From my perspective the ultimate bermudagrass is Tifton 85. Under equal treatment it will out yield any other by 15%. Add to that fed to cattle it will gain 15% more for the same amount of feed. 
But it is difficult to get sprigged. It is not a free lunch all that yield comes with fertilizer.

Jiggs will out yield Coastal in East Texas. Here it is best suited to wet ground. On dry dirt it will disappoint you.

World Feeder is over sold & does not do as well as any of the other common bermudagrasses.

Tifton 44 is a good grass but further north. It may work for you.

I suggest you talk to your County Agent he may have some ideas.

For all I know you may be within walking distance of East Texas State Teachers College, It goes by another name now. There you might pick up some good advise.

TAMU Extension has a number of good bulletins that have information.
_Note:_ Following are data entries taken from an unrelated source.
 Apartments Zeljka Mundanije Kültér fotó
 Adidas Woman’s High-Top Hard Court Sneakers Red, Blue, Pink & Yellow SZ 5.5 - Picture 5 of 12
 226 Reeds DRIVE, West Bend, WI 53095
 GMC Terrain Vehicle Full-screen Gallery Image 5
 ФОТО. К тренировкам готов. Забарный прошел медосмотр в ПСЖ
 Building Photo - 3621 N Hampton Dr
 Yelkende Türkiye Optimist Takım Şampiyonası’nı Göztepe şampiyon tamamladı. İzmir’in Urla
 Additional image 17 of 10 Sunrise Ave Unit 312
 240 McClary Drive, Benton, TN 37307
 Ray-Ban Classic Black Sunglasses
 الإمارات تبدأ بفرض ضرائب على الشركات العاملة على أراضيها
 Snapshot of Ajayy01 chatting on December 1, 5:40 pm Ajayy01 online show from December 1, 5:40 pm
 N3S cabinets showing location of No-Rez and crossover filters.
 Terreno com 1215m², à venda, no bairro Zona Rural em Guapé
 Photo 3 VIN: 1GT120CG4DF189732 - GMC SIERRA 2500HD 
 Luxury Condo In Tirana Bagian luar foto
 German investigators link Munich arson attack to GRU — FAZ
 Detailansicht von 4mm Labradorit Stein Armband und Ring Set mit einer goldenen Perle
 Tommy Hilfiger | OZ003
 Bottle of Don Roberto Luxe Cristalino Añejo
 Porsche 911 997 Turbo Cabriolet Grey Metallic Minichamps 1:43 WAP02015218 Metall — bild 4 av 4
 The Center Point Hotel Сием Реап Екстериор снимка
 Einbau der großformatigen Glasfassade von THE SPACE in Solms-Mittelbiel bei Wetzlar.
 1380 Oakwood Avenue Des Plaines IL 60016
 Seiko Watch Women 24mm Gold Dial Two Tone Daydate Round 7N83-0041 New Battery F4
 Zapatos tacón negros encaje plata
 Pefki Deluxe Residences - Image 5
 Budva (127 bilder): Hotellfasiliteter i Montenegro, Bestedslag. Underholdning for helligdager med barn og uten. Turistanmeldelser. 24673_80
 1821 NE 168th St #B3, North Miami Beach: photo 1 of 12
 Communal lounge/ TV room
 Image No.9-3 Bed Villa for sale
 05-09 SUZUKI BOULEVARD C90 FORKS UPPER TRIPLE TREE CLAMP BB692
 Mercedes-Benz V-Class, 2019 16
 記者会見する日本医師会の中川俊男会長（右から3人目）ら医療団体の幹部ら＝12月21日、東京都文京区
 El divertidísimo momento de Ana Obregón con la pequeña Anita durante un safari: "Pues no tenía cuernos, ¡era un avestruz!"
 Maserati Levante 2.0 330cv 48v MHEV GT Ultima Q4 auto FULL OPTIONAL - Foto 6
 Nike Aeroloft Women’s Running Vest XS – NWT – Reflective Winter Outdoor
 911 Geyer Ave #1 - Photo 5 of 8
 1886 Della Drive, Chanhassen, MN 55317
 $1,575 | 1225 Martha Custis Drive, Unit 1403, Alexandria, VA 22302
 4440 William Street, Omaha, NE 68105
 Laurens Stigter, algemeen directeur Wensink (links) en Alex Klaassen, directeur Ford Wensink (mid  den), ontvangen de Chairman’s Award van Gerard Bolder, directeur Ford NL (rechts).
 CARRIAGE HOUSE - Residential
On these pages is vhaby a fully certified qualified forage authority. He truthfully is a great source of information. He can provide better information than I.


----------



## vhaby (Dec 30, 2009)

Welcome to HayTalk. You have found an excellent site on which to ask your questions relative to forage production. You are wise to research the best hybrid bermudagrass considering that you want to sprig 100 acres.

Since I have been put on the spot by Hay Wilson, allow me to say how lucky you are to be within the consultation radius (100 miles) of the Noble Foundation at Ardmore, Oklahoma. The Noble Foundation offers free consultation to agricultural producers within this radius of Ardmore. I suggest that you contact the Noble Foundation with your question. Their web site is Noble Foundation Agricultural Division This foundation has teams of consultants assigned to various regions that will work with cooperating producers to improve their agricultural enterprise.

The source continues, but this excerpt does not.